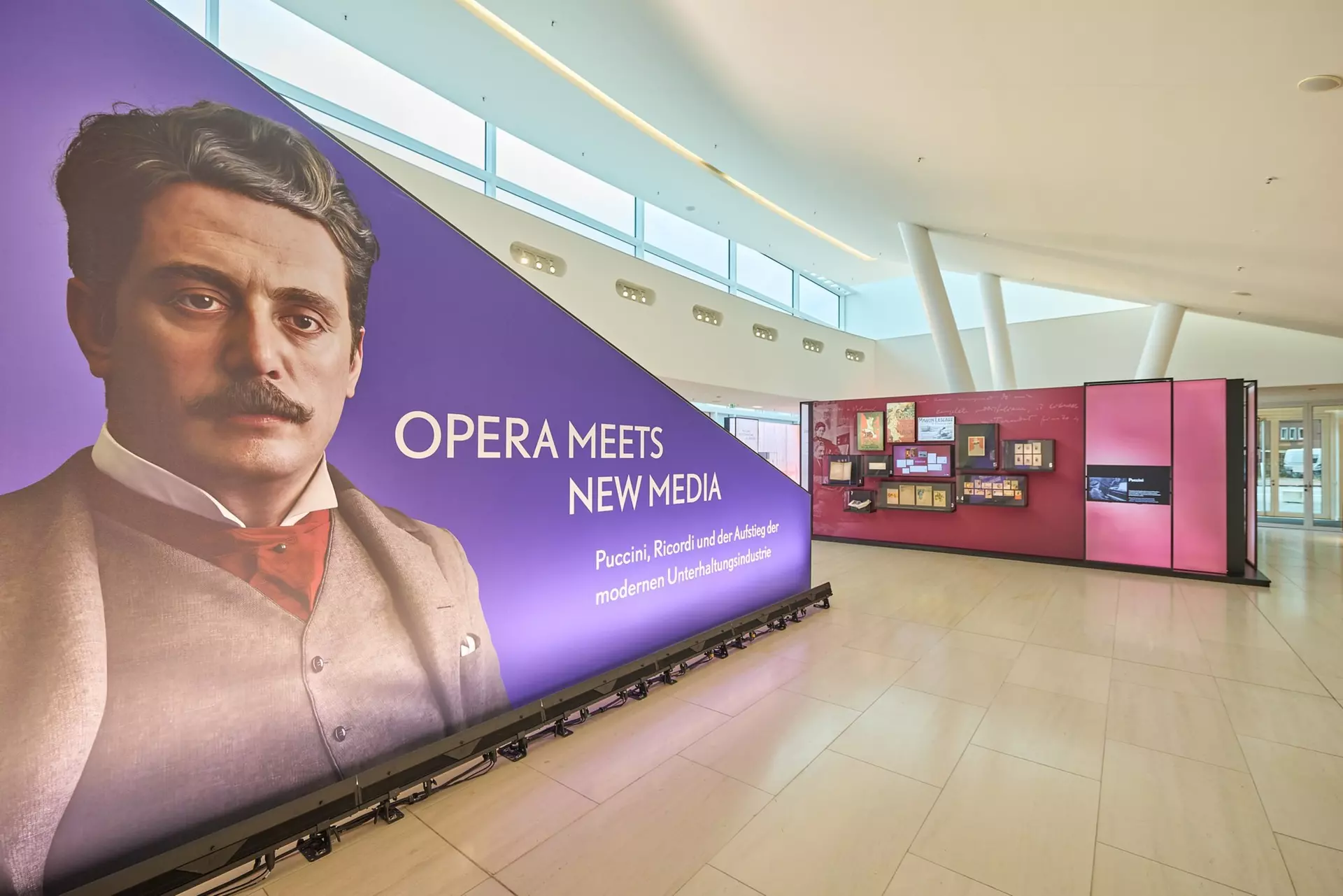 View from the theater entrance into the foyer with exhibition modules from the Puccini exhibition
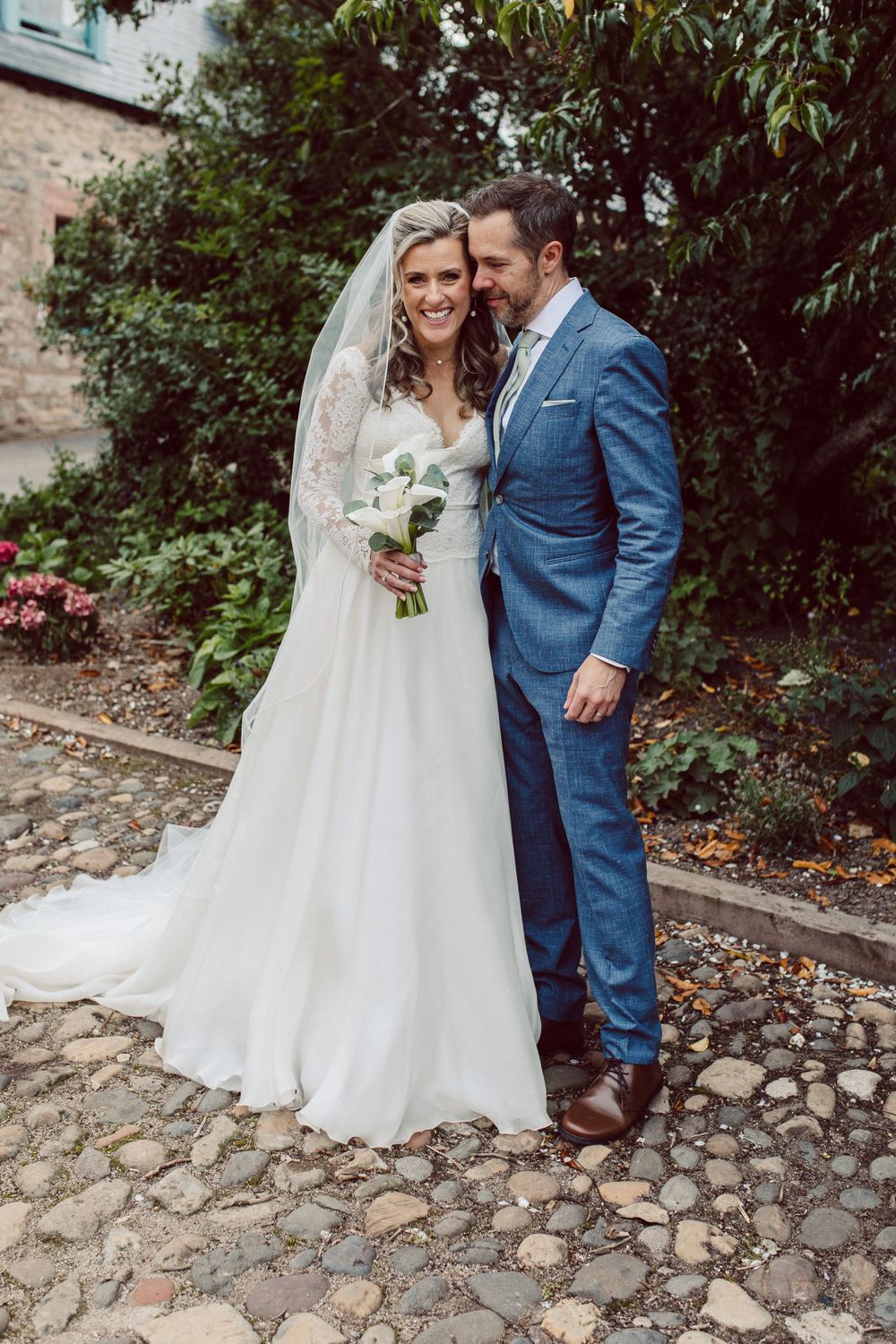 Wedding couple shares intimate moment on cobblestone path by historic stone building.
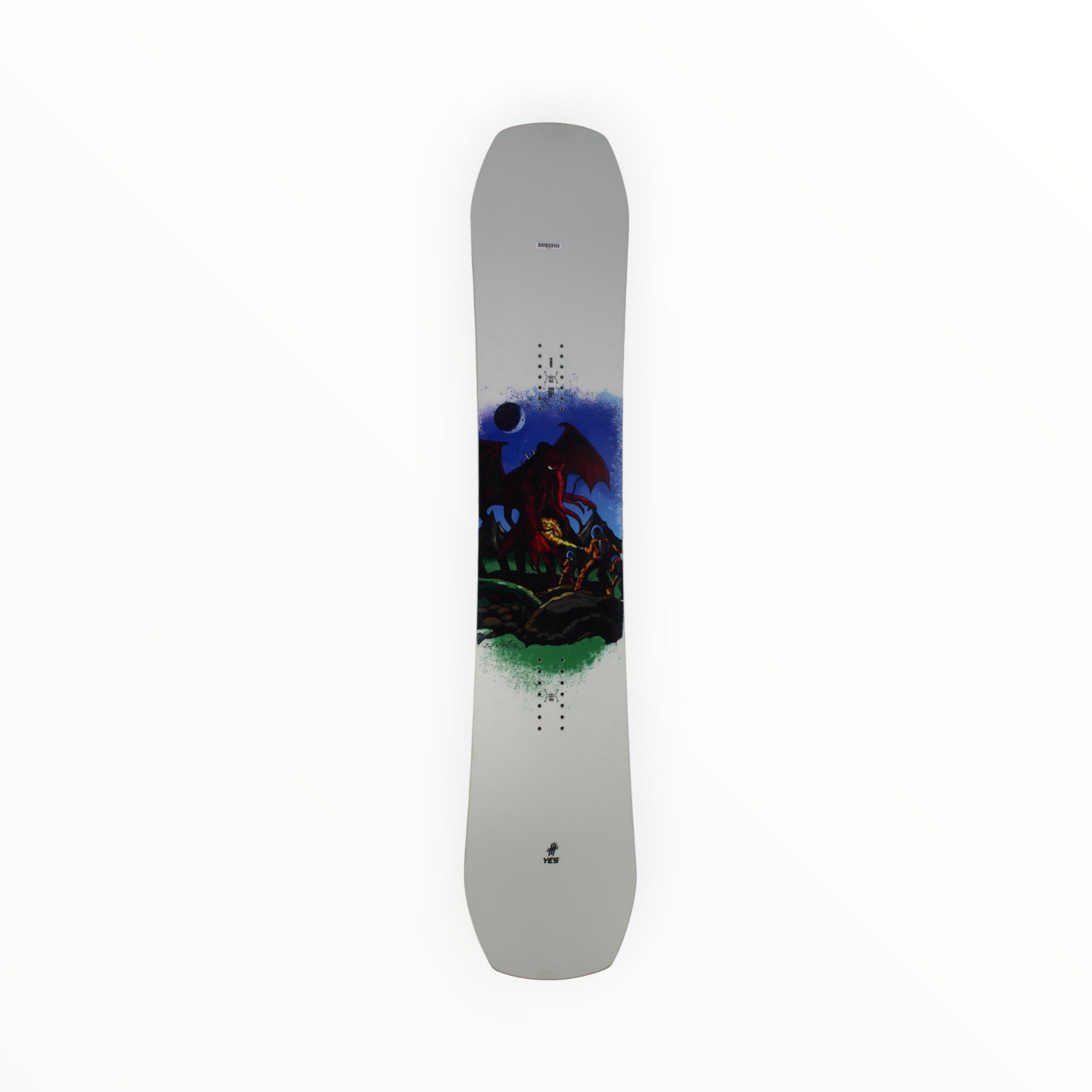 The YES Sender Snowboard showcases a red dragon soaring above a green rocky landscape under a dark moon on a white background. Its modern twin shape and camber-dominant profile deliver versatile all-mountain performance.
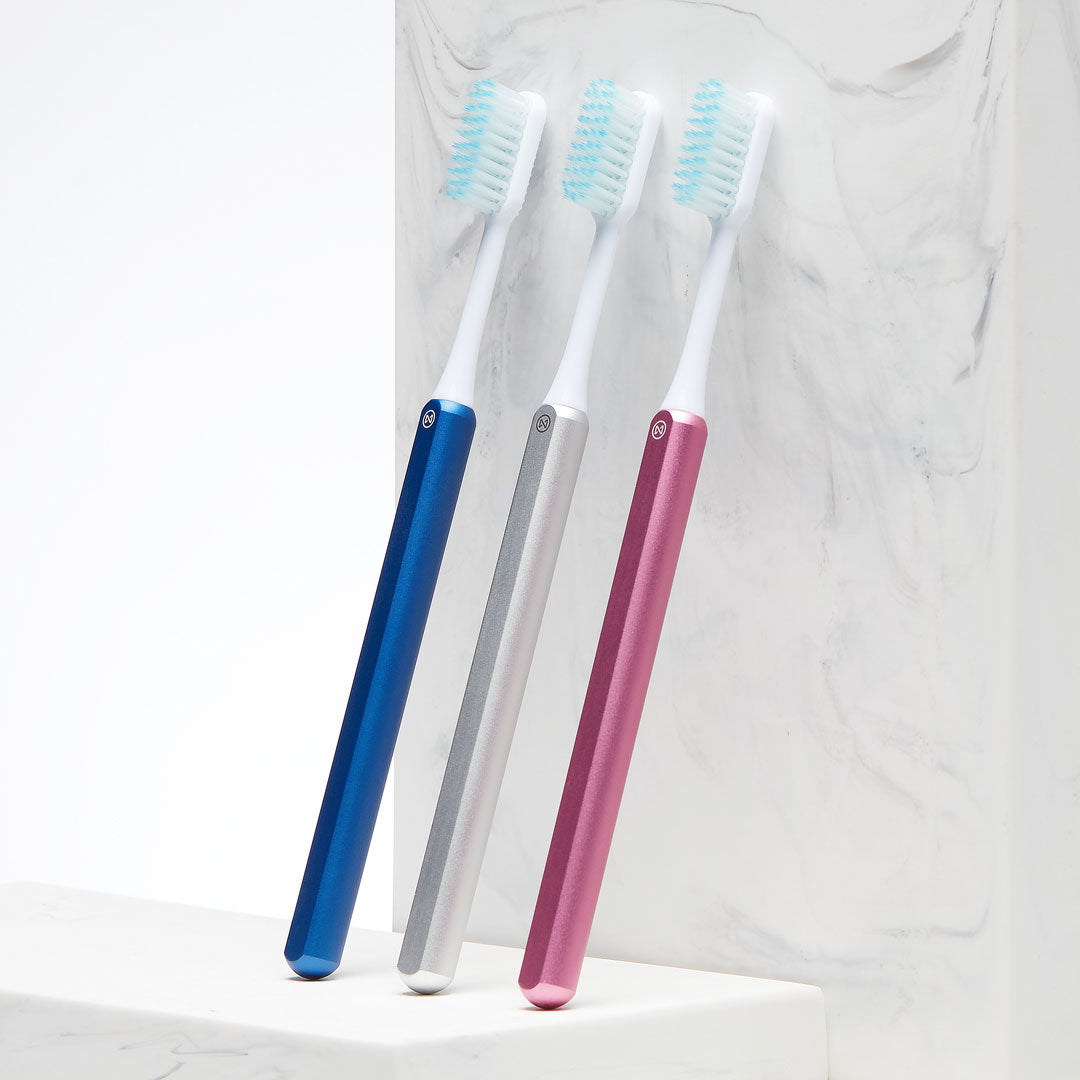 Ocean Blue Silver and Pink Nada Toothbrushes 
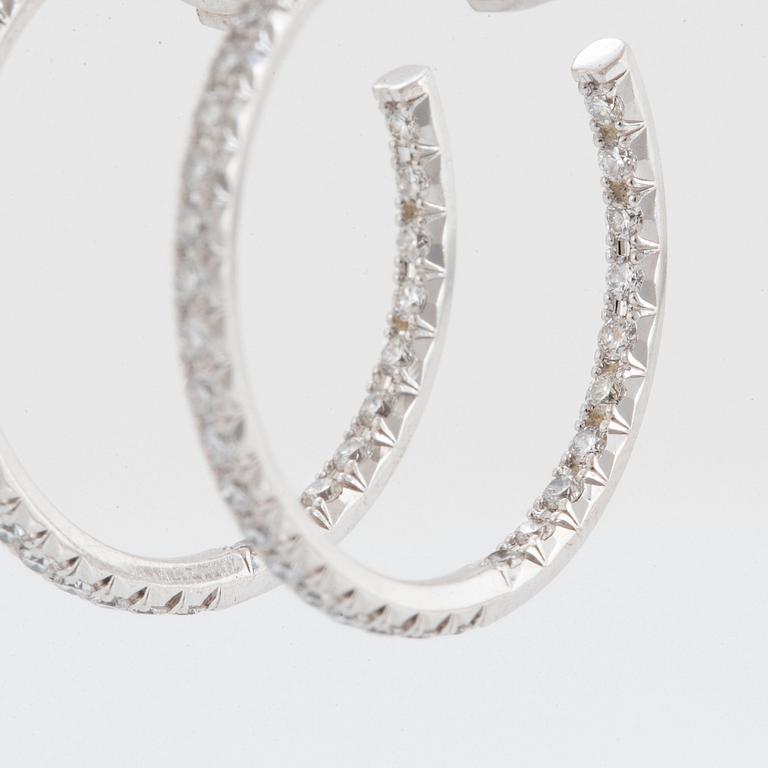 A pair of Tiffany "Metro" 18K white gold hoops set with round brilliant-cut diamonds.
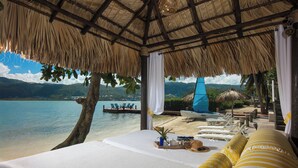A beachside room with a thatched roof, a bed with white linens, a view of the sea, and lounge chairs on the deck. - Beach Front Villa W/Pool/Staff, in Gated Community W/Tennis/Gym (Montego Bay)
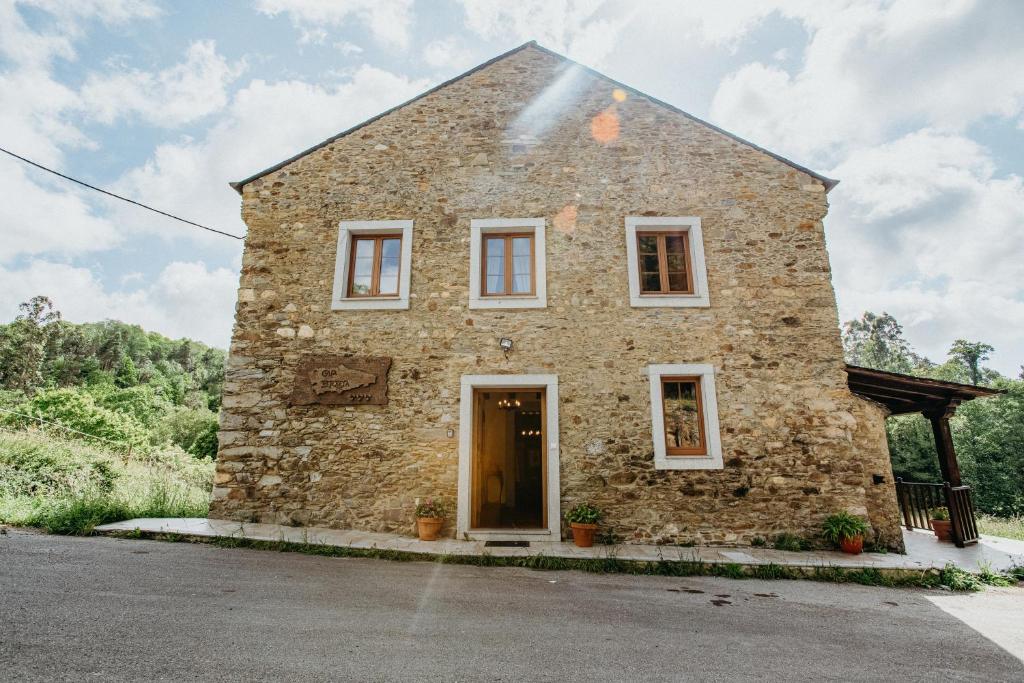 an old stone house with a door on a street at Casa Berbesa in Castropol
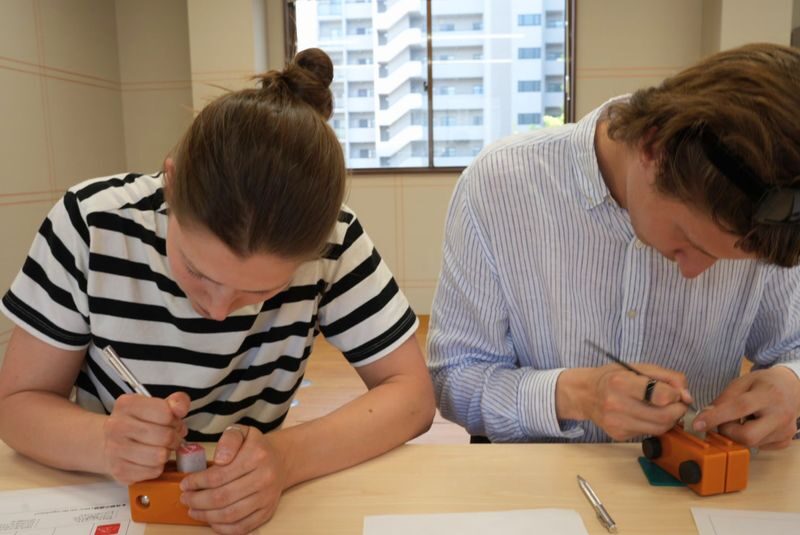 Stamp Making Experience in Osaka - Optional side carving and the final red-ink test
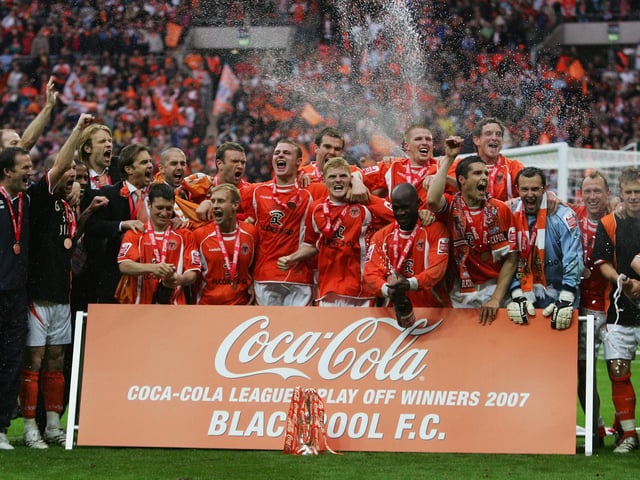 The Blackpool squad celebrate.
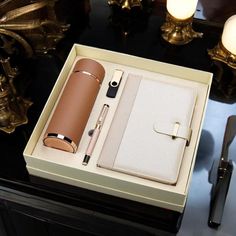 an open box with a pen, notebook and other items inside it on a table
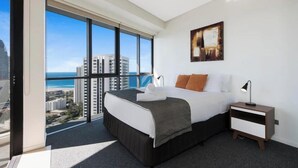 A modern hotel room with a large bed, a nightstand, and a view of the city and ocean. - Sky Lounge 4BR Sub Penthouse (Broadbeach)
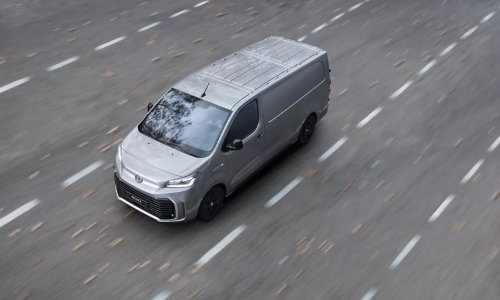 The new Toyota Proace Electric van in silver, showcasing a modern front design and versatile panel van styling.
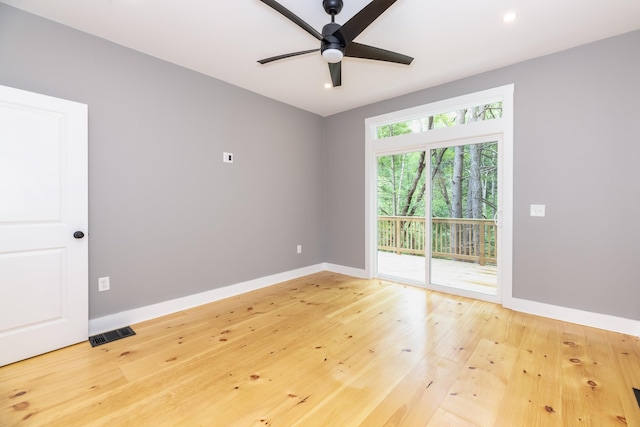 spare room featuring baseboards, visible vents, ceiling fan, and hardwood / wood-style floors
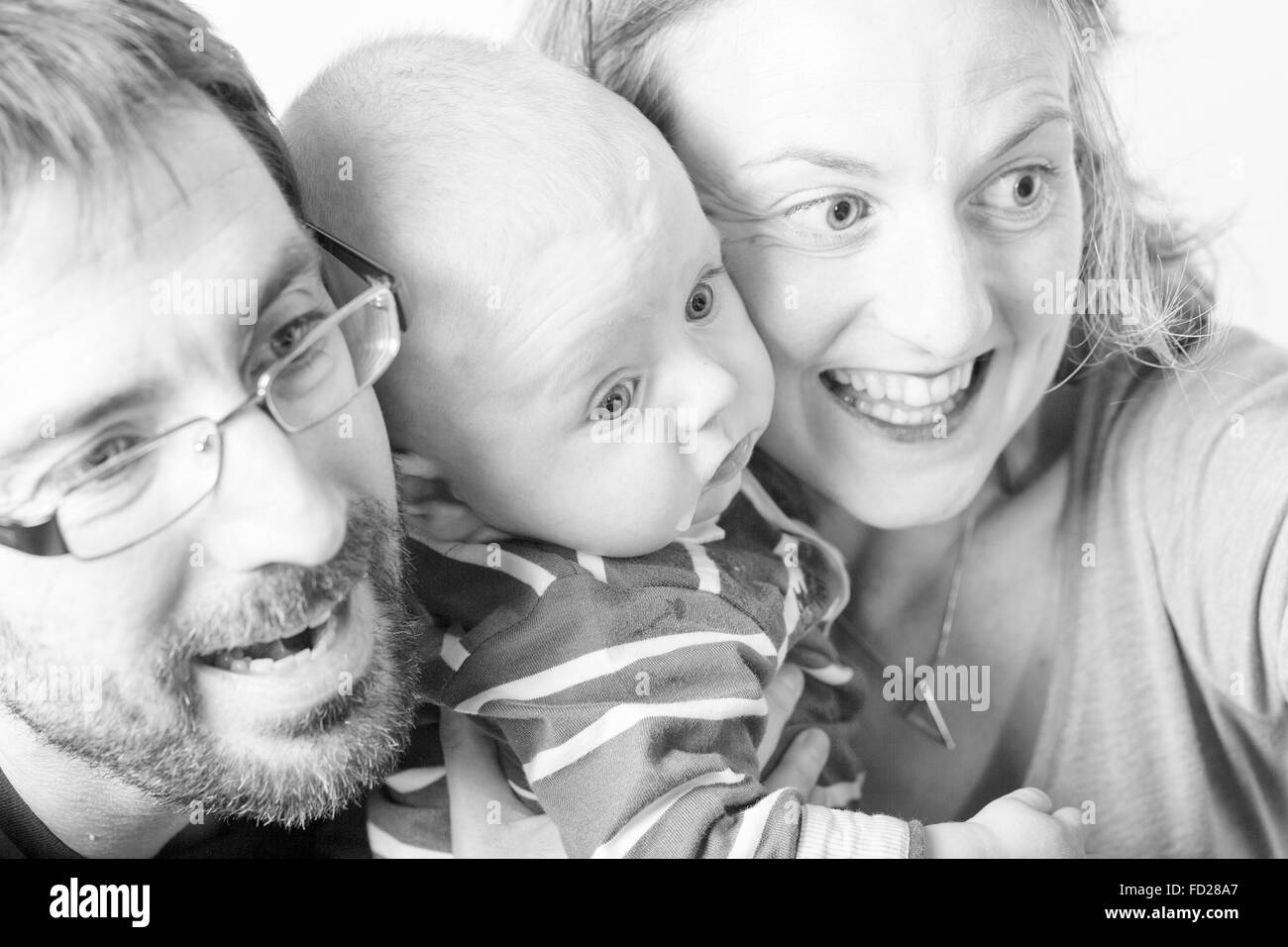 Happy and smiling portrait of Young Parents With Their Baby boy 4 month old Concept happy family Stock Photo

§ **TASK DESCRIPTION**
Nothing but the records themselves, exact and complete, should be returned; leave the pictures out.

§ **RESPONSE AREA**
 View from the theater entrance into the foyer with exhibition modules from the Puccini exhibition
 Wedding couple shares intimate moment on cobblestone path by historic stone building.
 The YES Sender Snowboard showcases a red dragon soaring above a green rocky landscape under a dark moon on a white background. Its modern twin shape and camber-dominant profile deliver versatile all-mountain performance.
 Ocean Blue Silver and Pink Nada Toothbrushes 
 A pair of Tiffany "Metro" 18K white gold hoops set with round brilliant-cut diamonds.
A beachside room with a thatched roof, a bed with white linens, a view of the sea, and lounge chairs on the deck. - Beach Front Villa W/Pool/Staff, in Gated Community W/Tennis/Gym (Montego Bay)
 an old stone house with a door on a street at Casa Berbesa in Castropol
 Stamp Making Experience in Osaka - Optional side carving and the final red-ink test
 The Blackpool squad celebrate.
 an open box with a pen, notebook and other items inside it on a table
 A modern hotel room with a large bed, a nightstand, and a view of the city and ocean. - Sky Lounge 4BR Sub Penthouse (Broadbeach)
 The new Toyota Proace Electric van in silver, showcasing a modern front design and versatile panel van styling.
 spare room featuring baseboards, visible vents, ceiling fan, and hardwood / wood-style floors
 Happy and smiling portrait of Young Parents With Their Baby boy 4 month old Concept happy family Stock Photo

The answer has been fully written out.